On January 16, 2002, Magistrate Judge James C. Francis IV issued a lengthy opinion denying the Booking Agency Defendants' motion for a protective order. Id. at 433. Instead, Magistrate Judge Francis outlined a detailed protocol for determining what e-mails were relevant to Defendants' selections of concert promoters and appropriate for production, ordered the Booking Agency Defendants to produce the computer hard drives containing those e-mails in accordance with that protocol. Id. Magistrate Judge Francis' protocol, which laid out a step-by-step procedure for the parties to follow, contained six key provisions:
1. First, Plaintiffs would designate the expert or experts who would be responsible for isolating, separating, and preparing e-mails for review. Defendants would have the opportunity to object to the selected expert(s).
2. Second, Defendants' technical personnel would help Plaintiffs' expert(s) obtain a mirror image of any hard drives containing e-mails as well as a copy of any back-up tapes. Plaintiffs could choose to review a sample of hard drives and tapes instead of all such devices.
3. Third, Plaintiffs' counsel would formulate a search procedure for identifying responsive e-mails and then notify Defendants of the procedure chosen, including any specific word searches Plaintiffs wished to conduct. Defendants could object to any search proposed by Plaintiffs.

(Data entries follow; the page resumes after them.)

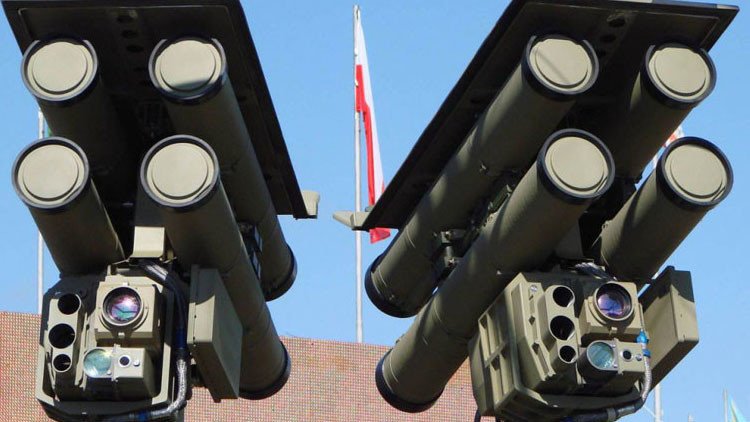 Video: El sistema antitanque Kornet reduce a cenizas un camión del EI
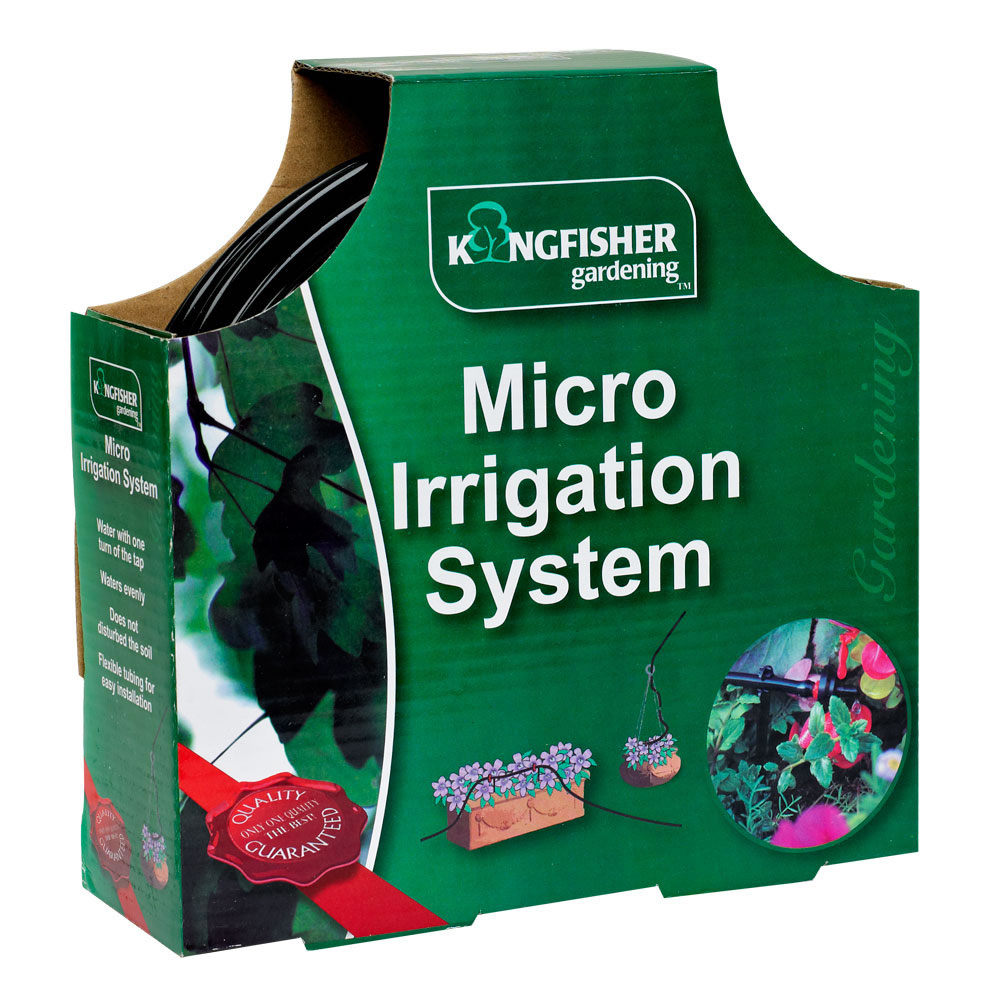 Kingfisher Gardening Micro Irrigation Kit Image
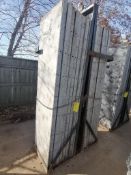 (16) 2' x 8' Symons Steel Ply Concrete Forms in Baskets with Bells. Located in Hazelwood, MO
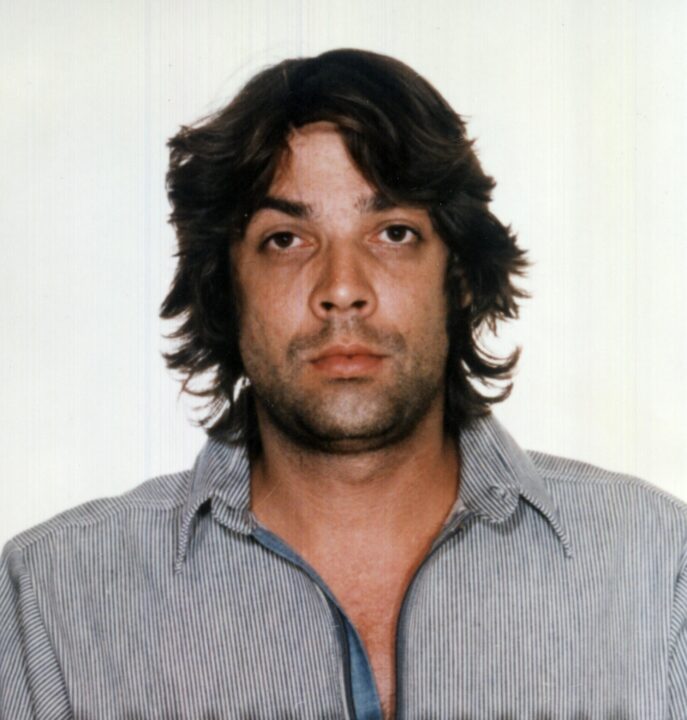 072316 01: Mug shot of Christian Brando, the son of Marlon Brando, after being arrested in Los Angeles, CA, May 17, 1990.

4. Fourth, once the parties established an appropriate search method, it would be implemented by Plaintiffs' expert(s). Plaintiffs' counsel could then review the documents generated by the search on an attorneys' eyes only basis.
5. Fifth, once Plaintiffs' counsel identified those e-mails they considered material to this litigation, they would provide those documents to Defendants' counsel in hard copy form with Bates stamps.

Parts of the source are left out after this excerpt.